A freight train derailed in the Southern California desert and two tanker cars full of chemicals caught fire, sending up a cloud of fumes and forcing home evacuations, authorities said.

No one was injured when 28 of the Union Pacific train's cars derailed Monday night about 140 miles southeast of Los Angeles.

About 60 residents in nearby homes were evacuated because of potentially hazardous fumes, fire officials said.

One of the burning tanker cars contains hydrochloric acid, fire and railroad officials said. Hydrochloric acid is highly corrosive and can cause burns if it comes into direct contact with skin or eyes. It is used in the production of fertilizers and dyes, and in photographic, textile and rubber industries.

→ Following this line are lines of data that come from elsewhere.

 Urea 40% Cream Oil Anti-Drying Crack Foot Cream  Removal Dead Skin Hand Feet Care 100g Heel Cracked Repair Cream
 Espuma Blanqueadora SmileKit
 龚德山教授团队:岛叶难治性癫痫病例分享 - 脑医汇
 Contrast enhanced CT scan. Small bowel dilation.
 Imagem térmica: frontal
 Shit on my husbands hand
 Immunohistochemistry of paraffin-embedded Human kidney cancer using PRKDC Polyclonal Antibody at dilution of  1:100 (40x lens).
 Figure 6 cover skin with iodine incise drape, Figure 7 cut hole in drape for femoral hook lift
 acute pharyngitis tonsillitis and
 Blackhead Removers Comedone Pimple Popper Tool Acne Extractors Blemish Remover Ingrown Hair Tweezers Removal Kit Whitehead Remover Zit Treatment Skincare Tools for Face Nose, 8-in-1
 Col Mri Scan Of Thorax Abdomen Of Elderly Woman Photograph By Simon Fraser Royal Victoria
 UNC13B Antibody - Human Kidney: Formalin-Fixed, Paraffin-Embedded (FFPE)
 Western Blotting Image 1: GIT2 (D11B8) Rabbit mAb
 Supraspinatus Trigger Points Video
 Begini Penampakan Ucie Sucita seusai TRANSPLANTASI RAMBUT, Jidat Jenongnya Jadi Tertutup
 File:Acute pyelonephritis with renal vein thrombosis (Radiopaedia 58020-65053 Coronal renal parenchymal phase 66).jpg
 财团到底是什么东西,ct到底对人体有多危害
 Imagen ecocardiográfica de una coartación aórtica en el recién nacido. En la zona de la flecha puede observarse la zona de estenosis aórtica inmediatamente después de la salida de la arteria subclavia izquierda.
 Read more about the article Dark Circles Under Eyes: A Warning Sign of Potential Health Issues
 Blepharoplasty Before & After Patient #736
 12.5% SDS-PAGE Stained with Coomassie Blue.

The other tanker ablaze contains phosphoric acid, which is milder and used for rust removal and for the preparation of steel surfaces for painting.

The cause of the derailment is under investigation, said James Barnes, director of media information for Union Pacific.

Authorities have set up a one-mile radius around the accident site and no one is being let inside because of the fumes, Riverside County Fire Capt. Julie Hutchinson said.

"We plan to go in and take a look as soon as we can get some sunlight on it," Hutchinson said.

Barnes said the 65-car train was on an intrastate route, heading from West Colton to El Centro.

The accident site is next to Highway 111, which has been shut down for a seven-mile stretch south of State Road 195.